INSTRUCTIONS FOR THE TASK ▸
Every line from the one holding "Monikäyttötarra HERMA 4360" through the one holding "mini print or" in the data below must be returned exactly, both ends included, with pictures left out and nothing else added.

AVAILABLE DATA ▸

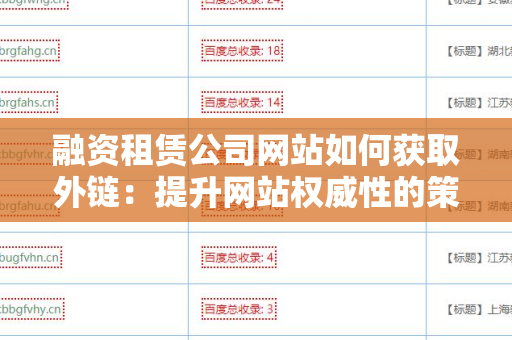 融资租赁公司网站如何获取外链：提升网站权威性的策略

---

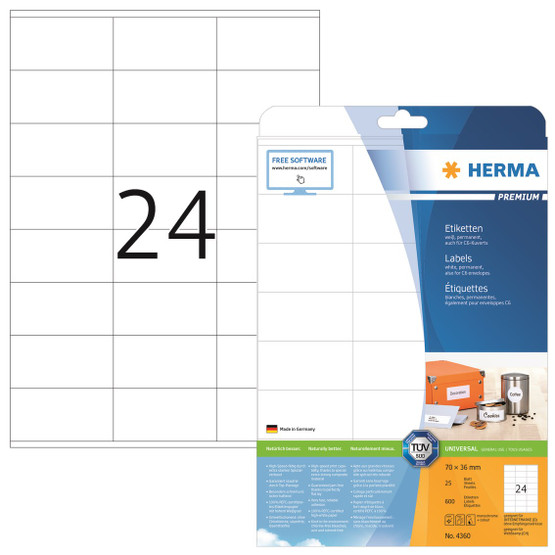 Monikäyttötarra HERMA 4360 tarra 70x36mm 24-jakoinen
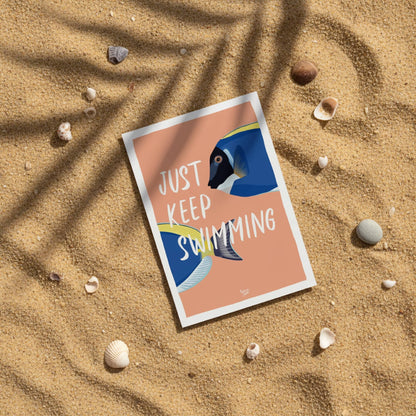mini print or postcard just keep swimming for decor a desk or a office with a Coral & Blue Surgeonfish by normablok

OUTPUT BELOW ▸
 Monikäyttötarra HERMA 4360 tarra 70x36mm 24-jakoinen
mini print or postcard just keep swimming for decor a desk or a office with a Coral & Blue Surgeonfish by normablok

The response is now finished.